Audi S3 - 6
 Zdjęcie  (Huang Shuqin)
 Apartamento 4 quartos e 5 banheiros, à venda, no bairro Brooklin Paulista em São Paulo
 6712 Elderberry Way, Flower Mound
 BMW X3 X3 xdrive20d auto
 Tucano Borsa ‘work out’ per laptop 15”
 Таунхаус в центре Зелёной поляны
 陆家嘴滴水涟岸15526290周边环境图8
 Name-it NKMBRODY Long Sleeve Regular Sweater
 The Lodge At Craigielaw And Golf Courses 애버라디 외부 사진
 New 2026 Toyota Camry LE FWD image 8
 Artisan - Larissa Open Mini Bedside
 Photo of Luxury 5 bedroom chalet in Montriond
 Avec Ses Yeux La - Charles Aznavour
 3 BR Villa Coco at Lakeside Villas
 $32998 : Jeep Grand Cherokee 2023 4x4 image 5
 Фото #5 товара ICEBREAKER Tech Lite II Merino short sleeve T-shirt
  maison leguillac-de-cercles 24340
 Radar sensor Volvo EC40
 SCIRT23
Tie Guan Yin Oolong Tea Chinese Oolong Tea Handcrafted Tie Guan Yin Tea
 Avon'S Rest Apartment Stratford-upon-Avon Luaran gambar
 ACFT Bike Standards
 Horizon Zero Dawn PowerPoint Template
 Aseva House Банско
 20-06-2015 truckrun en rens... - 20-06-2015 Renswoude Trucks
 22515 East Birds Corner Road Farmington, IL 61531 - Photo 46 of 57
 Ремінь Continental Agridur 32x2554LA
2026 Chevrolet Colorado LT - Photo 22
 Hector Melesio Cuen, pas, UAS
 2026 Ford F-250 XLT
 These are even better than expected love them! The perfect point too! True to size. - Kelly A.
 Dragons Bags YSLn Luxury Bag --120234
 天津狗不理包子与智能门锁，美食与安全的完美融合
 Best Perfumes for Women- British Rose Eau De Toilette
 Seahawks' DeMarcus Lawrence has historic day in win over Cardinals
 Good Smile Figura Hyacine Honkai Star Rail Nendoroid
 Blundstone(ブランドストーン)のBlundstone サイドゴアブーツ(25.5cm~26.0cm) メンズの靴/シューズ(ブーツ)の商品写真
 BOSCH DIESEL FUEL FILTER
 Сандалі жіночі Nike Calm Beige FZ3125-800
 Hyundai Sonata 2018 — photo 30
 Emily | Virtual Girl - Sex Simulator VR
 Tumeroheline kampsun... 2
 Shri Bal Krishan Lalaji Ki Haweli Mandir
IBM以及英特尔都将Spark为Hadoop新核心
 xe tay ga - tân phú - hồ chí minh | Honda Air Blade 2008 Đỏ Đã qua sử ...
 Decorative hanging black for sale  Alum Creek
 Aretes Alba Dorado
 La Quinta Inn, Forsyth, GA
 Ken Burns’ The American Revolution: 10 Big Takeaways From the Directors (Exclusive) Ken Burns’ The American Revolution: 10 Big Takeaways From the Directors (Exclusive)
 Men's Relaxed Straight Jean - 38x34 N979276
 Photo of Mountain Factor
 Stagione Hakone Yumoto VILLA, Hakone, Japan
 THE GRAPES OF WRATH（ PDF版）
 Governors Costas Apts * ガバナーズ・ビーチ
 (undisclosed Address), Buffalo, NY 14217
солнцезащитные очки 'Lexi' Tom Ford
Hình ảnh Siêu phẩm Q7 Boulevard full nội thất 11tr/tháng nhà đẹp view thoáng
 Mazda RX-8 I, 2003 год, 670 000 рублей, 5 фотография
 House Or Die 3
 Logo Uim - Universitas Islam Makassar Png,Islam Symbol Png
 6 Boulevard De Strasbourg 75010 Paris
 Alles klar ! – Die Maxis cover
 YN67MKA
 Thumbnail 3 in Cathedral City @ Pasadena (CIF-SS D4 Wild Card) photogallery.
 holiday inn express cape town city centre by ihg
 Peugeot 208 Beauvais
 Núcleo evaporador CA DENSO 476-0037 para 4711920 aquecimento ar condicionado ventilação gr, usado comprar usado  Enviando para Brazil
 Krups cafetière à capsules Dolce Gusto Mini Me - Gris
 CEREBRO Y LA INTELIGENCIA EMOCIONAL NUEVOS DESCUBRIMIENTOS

——————

All that should be written out is the stretch of lines above between the one holding "Aretes Alba Dorado" and the one holding "Men's Relaxed Straight Jean - 38x34 N979276", inclusive, exactly as given.

 Aretes Alba Dorado
 La Quinta Inn, Forsyth, GA
 Ken Burns’ The American Revolution: 10 Big Takeaways From the Directors (Exclusive) Ken Burns’ The American Revolution: 10 Big Takeaways From the Directors (Exclusive)
 Men's Relaxed Straight Jean - 38x34 N979276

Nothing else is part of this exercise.